■ The task
Exactly retype the lines from the top of the data through the line containing "Toyota RAV4 2021-04 4428-20", leaving out every picture.

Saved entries

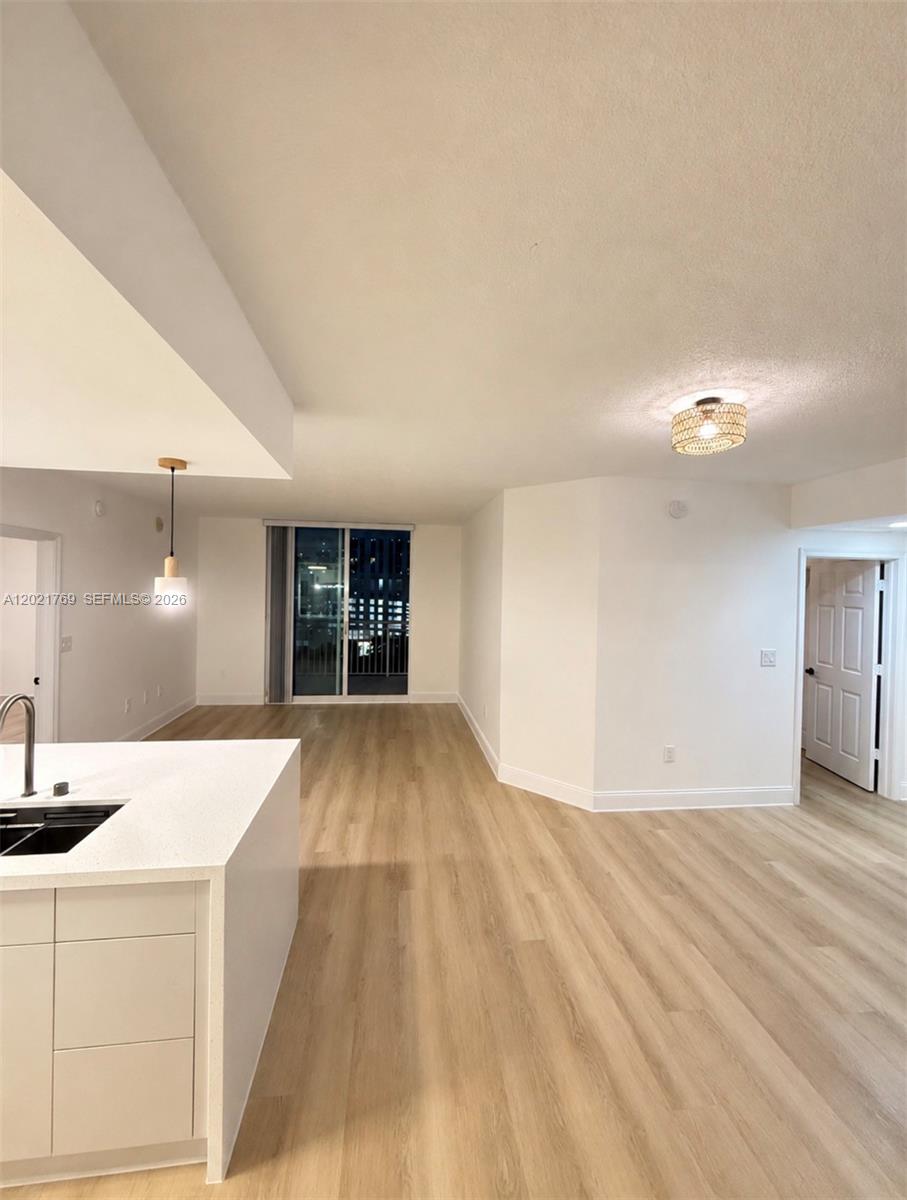1800 BISCAYNE PLAZA CONDO - Residential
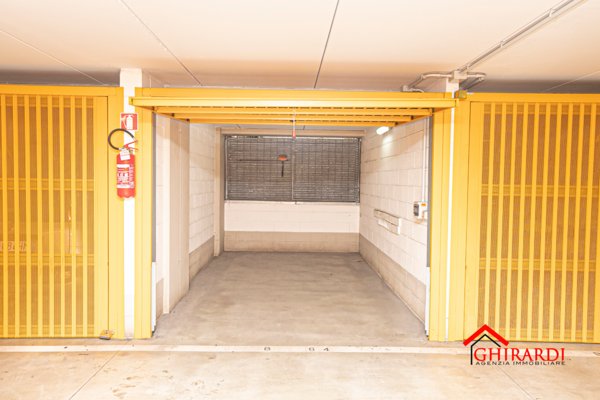 box auto in vendita a Genova in zona Sestri Ponente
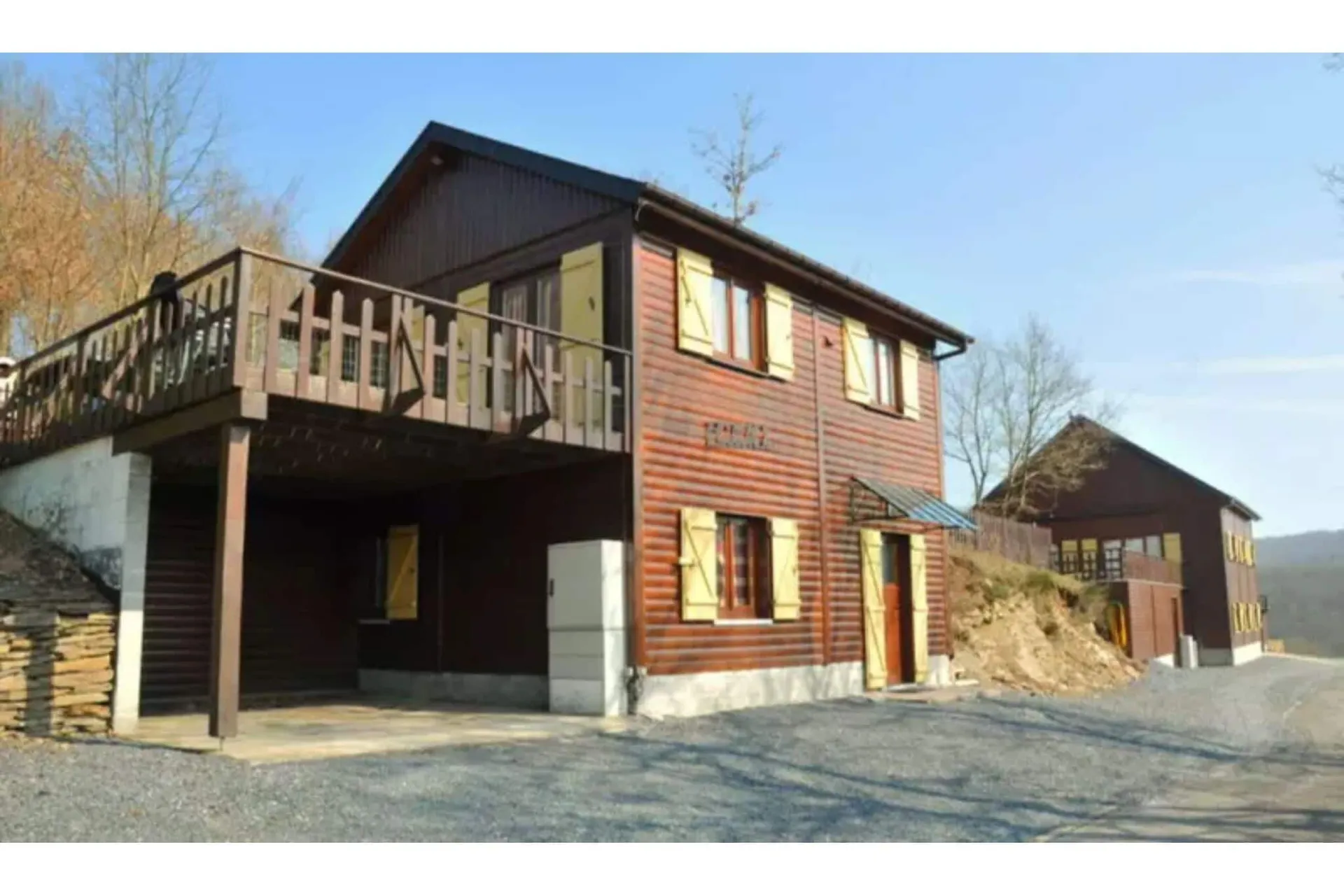 Exterieur vakantiehuis (zomer)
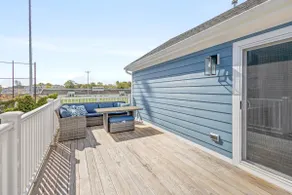 Fabulous Pied-á-Terre Close to Beaches & Downtown! - Image 5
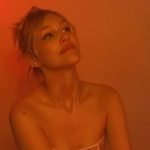 Grace VanderWaal Instagram - Announcement tmr angels!!!!!🍓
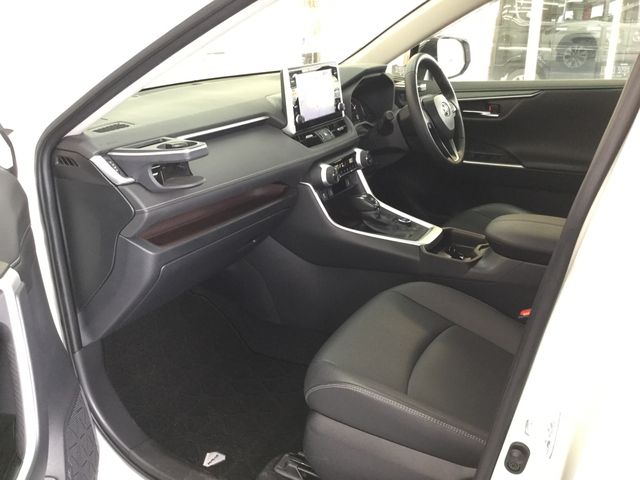 Toyota RAV4 2021-04 4428-20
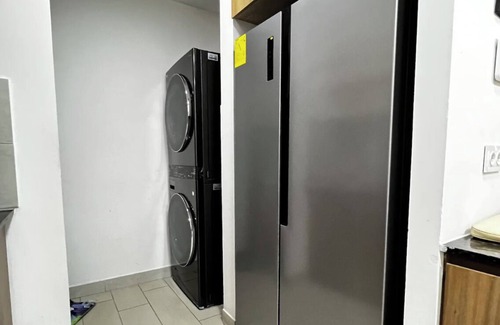 La Carolina Apartamento | Departamento 3- cuartos con piscina e increíble vista, WiFi en Quito.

■ Response area
1800 BISCAYNE PLAZA CONDO - Residential
 box auto in vendita a Genova in zona Sestri Ponente
 Exterieur vakantiehuis (zomer)
 Fabulous Pied-á-Terre Close to Beaches & Downtown! - Image 5
 Grace VanderWaal Instagram - Announcement tmr angels!!!!!🍓
 Toyota RAV4 2021-04 4428-20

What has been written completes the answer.